A 2012 report from the Institute of Energy Economics and Financial Analysis revealed that BLM’s inaccurate assessment of the “fair market value” of coal has cheated taxpayers out of almost $30 billion over the last thirty years, a massive subsidy to the coal industry.

David Roberts put it more sharply still in a post last year: “taxpayers are getting screwed.”

it’s time climate hawks clued in to the fact that the feds — that is to say, we, collectively — own a sh*tload of land and resources, much of which can be used for energy. Among other things, this land we own provides 43.2 percent of the nation’s coal. Not only do we offer this coal up, but we practically beg coal companies to mine it, offering them, [as the Center for America Progress puts it,] “billions of dollars in taxpayer subsidies via preferential tax treatments such as the ability to expense exploration and development costs, tax deductions to cover the costs of investments in mines, and favorable capital gains treatment on royalties.”

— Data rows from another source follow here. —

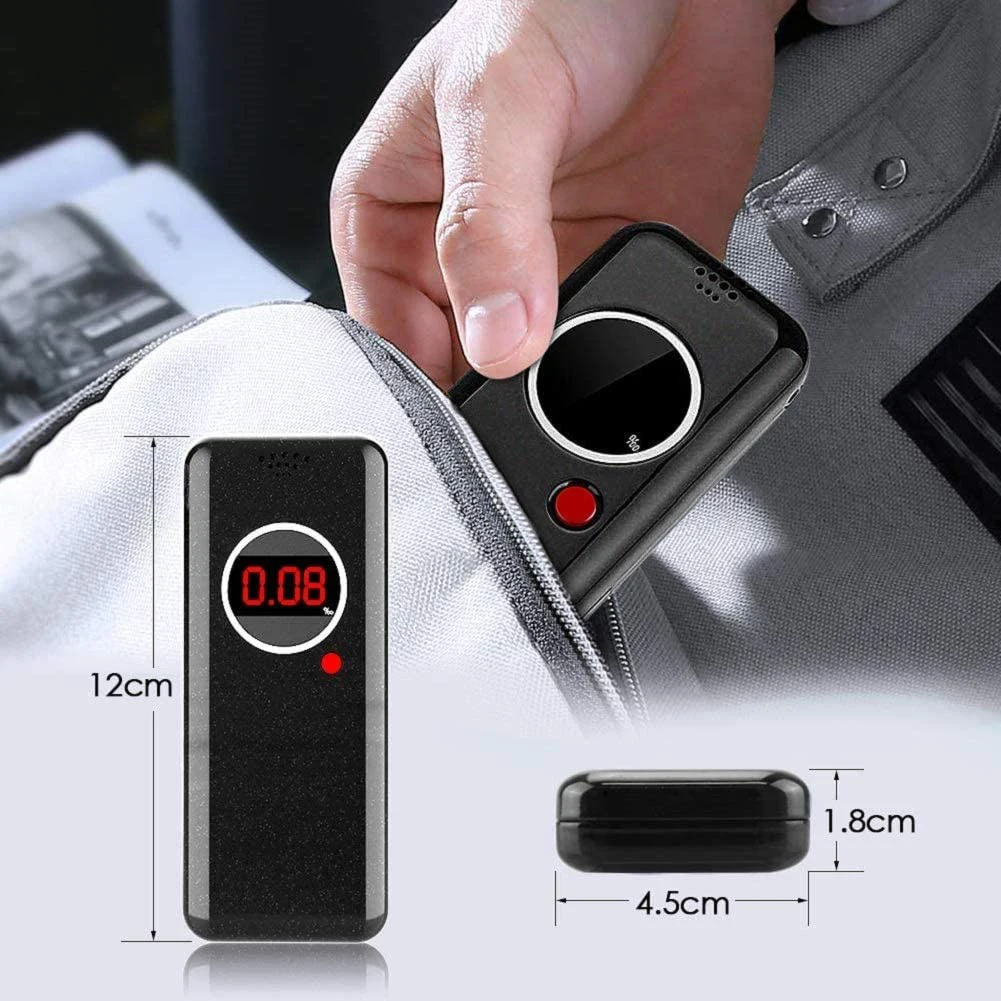 

AD-6000 Black Handheld Portable Breathalyzer High Accuracy Digital LCD Display Breath Alcohol Tester with 6 Mouthpieces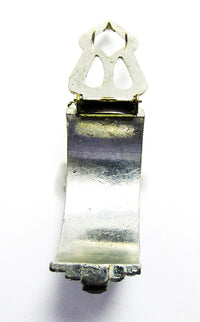 Vintage Jewelry 1930s Ruby and Clear Diamante Art Deco Dress Clip - Back - Thumbnail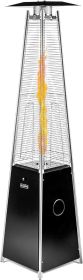 LEGACY HEATING Delta X5 Pyramid Patio Heater, 40,000BTU Outdoor Patio Heater, Quartz Glass Tube Propane Heaters for Patio with Wheels, Triple Protecti (Color: Black, Form Factor: Tower)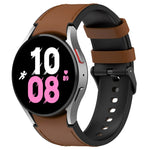Samsung Galaxy Watch5 44mm / 40mm用シリコンレザーブラックバックルウォッチバンド、S、L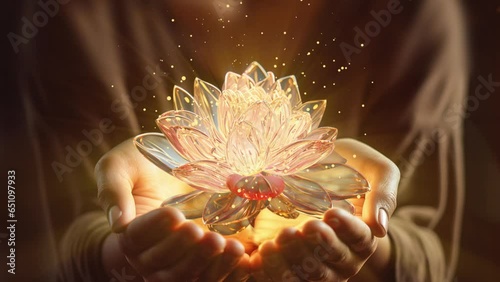 Woman holding a lotus flower. Vu Lan ceremony. Lotus flowers bloom. Background animation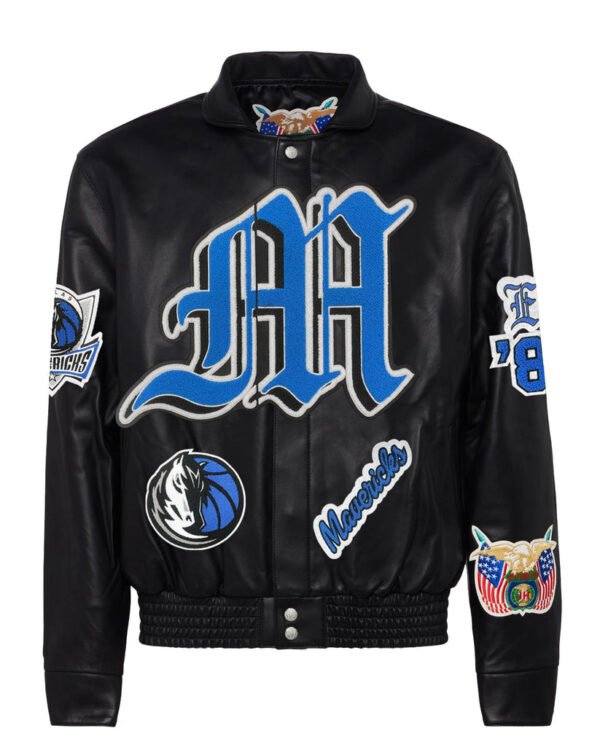 Dallas Mavericks NBA Jeff Hamilton Old English Black Leather Jacket 2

This week’s letter to Jewell means that a lot of climate hawks are cluing in. Policy analysts Matthew Stepp and Alex Trembath argue that it’s none too soon:

Targeting coal is … an appropriately ambitious strategy against climate change. While Keystone is a single project, U.S. coal is an entire energy system. A fight against it can draw support not only from Bill McKibben’s anti-Keystone troops but also from local clean-air organizers, conservationists who are against strip mining and mountaintop removal, and the many clean-energy industries that stand to gain from coal’s loss.

Indeed, McKibben’s 350.org is one of the groups that signed on to the letter. Activists from 350, the Sierra Club, and other groups know they have to do battle on multiple fronts. It’s not Keystone or coal. It’s Keystone and coal and fracking and offshore drilling and Arctic exploration …

Editor’s note: Bill McKibben is a member of Grist’s board of directors.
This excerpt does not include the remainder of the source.